Thursday, November 10, 2016

Local Shrines!

9/7/16
One day I was feeling rather frustrated after work and decided to take a drive to relax.
There’s a big torii gate standing over a bridge, so I decided to start there and check it out. On the other side of the bridge there was a little Buddhist/Shinto temple/shrine. It has a little path leading up to the shrine and some carved statues of The Seven Gods of Happiness.











After that I drove around a bit more and stumbled upon a little shrine called Nissai Shrine. This one had a long flight of stairs leading up to a little shrine. This one wasn’t amazingly impressive, but it was cute and small. If you stand with your back to the shrine you can see the tall torii gate spanning the bridge in the distance. I wasn’t able to take a picture of it at the time. Perhaps I’ll go back later and take one.








After that I accidentally hopped on a highway and headed south to Odaka, where I stumbled again upon a Shinto shrine called Masutamine-Jinja. This one had an impressive big torii gate and statues and little shrines all over the place. It also had a little pond with bridges and shrines on the other side of those bridges. There were frogs in the pond and they would hop away and startle me when I came to close to their section of pond. I’m interested in coming back sometime in the following year when the shrines are actually open and have events or something going on.

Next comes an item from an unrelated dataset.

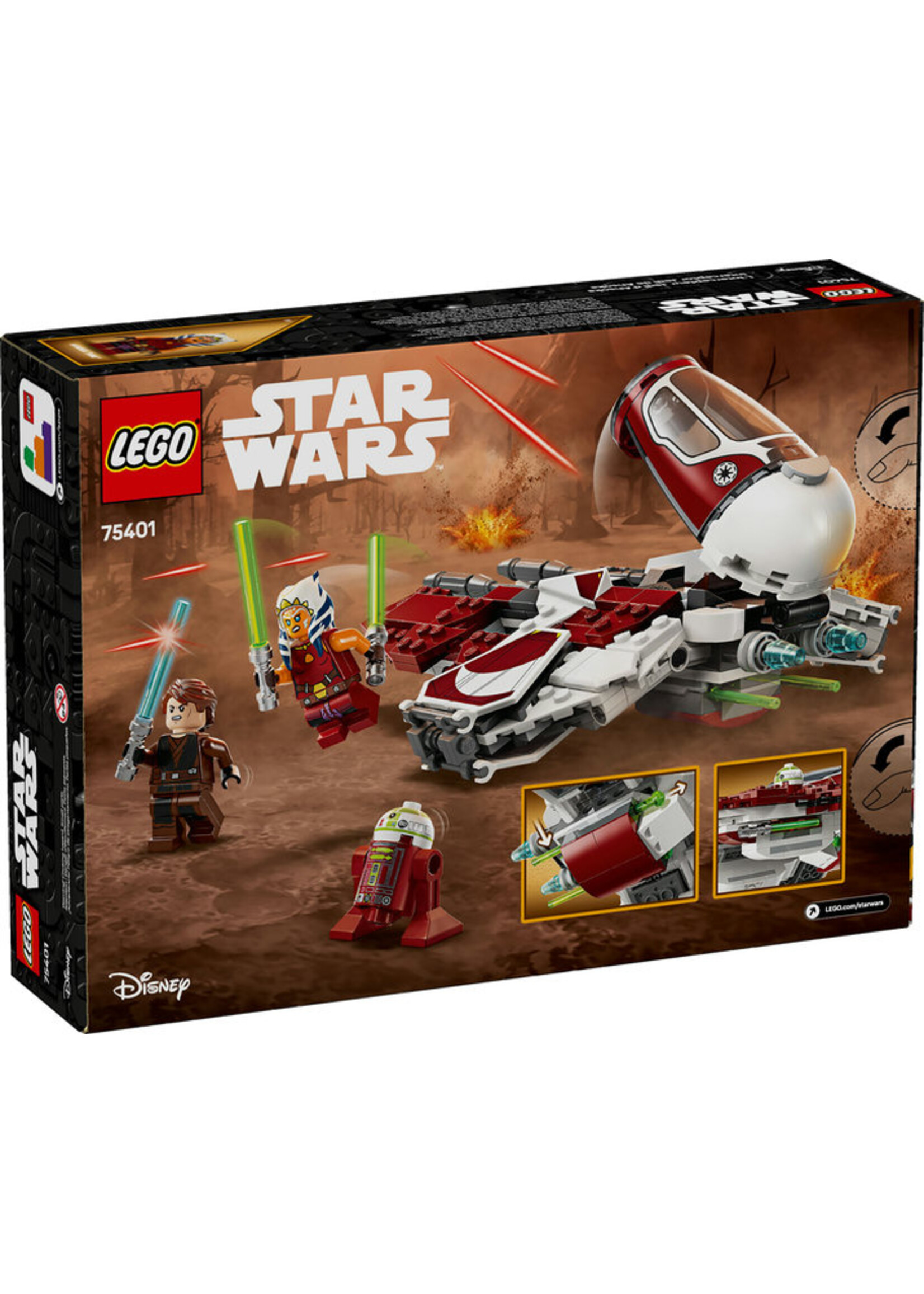 LEGO 75401 - Ahsoka's Jedi Interceptor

About a five minute drive from this shrine is Somakodaka Shrine in Odaka. This shrine is big, impressive and pretty. The pictures of it on Google Maps shows that it is beautiful in the springtime when the sakura trees begin to bloom. It also looks like there are “horse-wrestling” events at this shrine. I don’t know if anything is currently happening at these shrines (considering the fact that Odaka has been largely uninhabited for the last five years because of the tsunami and radiation) but hopefully it is good enough to start returning over the next year. There is also a little shrine called Tanabata shrine in the same area, as Somakodaka Shrine, but the sides of the area is overgrown and I was unable to get to Tanabata shrine. Again, maybe later this year.
















It was starting to get late at this point and the sun was setting, so I decided to head home. I drove past this little cave in the side of a hill and I stopped to check it out. It was shallow but had a small hole stretching deeper into the hill. This hole seemed to be filled with small bowls and milk crates and it made me think someone was living in it, but again, I could definitely be wrong and it has a practical function that I’ve not thought about. That was all the courage I had regarding the cave and I got back in my car and drove about ten feet before I saw a small path going up the side of the hill that the cave was under. Curiosity got the better of me again, and I stopped my car and got out to ascend the path only to discover a little cemetery at the top. I still don’t know what a little cave is doing under a cemetery, but I am in no hurry to find out.



 At that point I resolved to not stop anywhere else and to go home. On the way home I drove past another shrine, but I plan to return to that one on a different day.